Having become the fifth-fastest hurdler in the world ever with a new national record of 12.90 seconds posted on June 24 this year, Omar McLeod has become Jamaica's most celebrated athlete in 2017. Photo: Jamaica Observer
KINGSTON, Jamaica, WI- How many sprint hurdlers have become world champions one year after becoming Olympic champions?

Only two.

One is retired American Allen K. Johnson, an Olympic and multiple world indoor and outdoor champion; and the other is Jamaica's golden boy, 23-year-old Omar McLeod.

Having become the fifth-fastest hurdler in the world ever with a new national record of 12.90 seconds posted on June 24 this year, McLeod has become Jamaica's most celebrated athlete in 2017, irrespective of gender, according to the Jamaica Observer on December 24, 2017

No one doubts that this quick Jamaican, who ran 9.99 seconds in the 100 metres in 2016, can shatter the world record of 12.80 seconds set by American Aries Merritt in 2012.

McLeod, who lost only one of 11 races this season because he was not well on that July 1 date in Paris, has been so consistent in the past two years that not many have remembered that he finished sixth at the 2015 World Championships in Beijing.
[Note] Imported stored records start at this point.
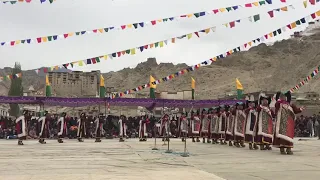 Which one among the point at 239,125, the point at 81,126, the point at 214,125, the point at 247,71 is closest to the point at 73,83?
the point at 247,71

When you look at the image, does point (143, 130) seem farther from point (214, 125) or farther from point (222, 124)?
point (222, 124)

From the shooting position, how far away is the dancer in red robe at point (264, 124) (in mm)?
14109

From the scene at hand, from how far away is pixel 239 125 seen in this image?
16.6m

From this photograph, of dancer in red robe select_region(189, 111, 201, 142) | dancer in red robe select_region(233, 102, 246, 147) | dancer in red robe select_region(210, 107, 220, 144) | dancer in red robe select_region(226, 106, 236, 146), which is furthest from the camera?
dancer in red robe select_region(189, 111, 201, 142)

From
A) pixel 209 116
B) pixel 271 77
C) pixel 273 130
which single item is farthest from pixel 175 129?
pixel 271 77

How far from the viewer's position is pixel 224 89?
82.6 meters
He is clearly the overwhelming favourite for sportsman of the year 2017 and to fittingly become the first male sprint hurdler to cop the top prize.

Certainly, athletes such as Winthrop Graham and Brigitte Foster-Hylton will be delighted to see another hurdler taking the top prize.

Indoor records

McLeod's interest in running the sprints may have some merit, as he holds not only the national 60m hurdles indoor record of 7.41 seconds, established last year, but he also holds (and not many know this) the national indoor 200m record of 20.48 seconds ran on February 17 this year in Fayetteville, Arkansas.
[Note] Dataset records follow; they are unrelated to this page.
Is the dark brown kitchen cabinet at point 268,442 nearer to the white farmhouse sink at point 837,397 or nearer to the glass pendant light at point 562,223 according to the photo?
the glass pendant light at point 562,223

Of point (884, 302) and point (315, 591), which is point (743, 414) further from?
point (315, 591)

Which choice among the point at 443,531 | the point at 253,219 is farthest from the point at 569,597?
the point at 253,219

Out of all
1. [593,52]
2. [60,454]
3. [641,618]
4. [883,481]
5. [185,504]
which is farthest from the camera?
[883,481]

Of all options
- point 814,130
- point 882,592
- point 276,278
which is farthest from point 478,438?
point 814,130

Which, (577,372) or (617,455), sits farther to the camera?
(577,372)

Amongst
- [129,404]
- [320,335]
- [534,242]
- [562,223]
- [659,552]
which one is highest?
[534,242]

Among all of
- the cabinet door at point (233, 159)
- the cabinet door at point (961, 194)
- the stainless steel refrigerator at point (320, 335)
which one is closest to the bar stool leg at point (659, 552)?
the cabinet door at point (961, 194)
However, McLeod should not give up on sprint hurdling until he can break the world record, and that may take another three to four years as Merritt was 27 when he established the world mark.

And yet Jamaican sprint hurdling remains in good hands with rise of two upcoming compatriots in Ronald Levy, 13.05 seconds, and Dejour Russell, the fastest 17-year-old in history who clocked 13.32 seconds last June.
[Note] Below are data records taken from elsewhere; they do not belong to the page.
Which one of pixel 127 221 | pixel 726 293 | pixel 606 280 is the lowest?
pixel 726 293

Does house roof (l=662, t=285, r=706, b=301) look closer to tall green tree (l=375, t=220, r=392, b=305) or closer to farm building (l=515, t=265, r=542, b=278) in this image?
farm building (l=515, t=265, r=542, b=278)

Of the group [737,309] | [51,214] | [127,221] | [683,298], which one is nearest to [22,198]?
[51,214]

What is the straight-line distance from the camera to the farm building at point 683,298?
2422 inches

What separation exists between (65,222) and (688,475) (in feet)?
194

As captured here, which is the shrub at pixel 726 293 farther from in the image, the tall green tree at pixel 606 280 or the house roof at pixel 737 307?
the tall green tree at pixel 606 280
But McLeod is still the man, the golden hurdler respected by rivals worldwide.

Yet next year will not be easy pickings for the Jamaican, who will have to face Garfield Darien, the Frenchman who finished fourth at the London World Championships, and Hungarian Balázs Baji, the World Championships bronze medallist.

McLeod remains a popular man in world athletics, but for the time being he will play to the drumbeat of athletes such as South African Wayde Van Niekerk, exciting high jumper from Qatar Mutaz Essa Barshim, and American pole vaulter Sam Kendricks.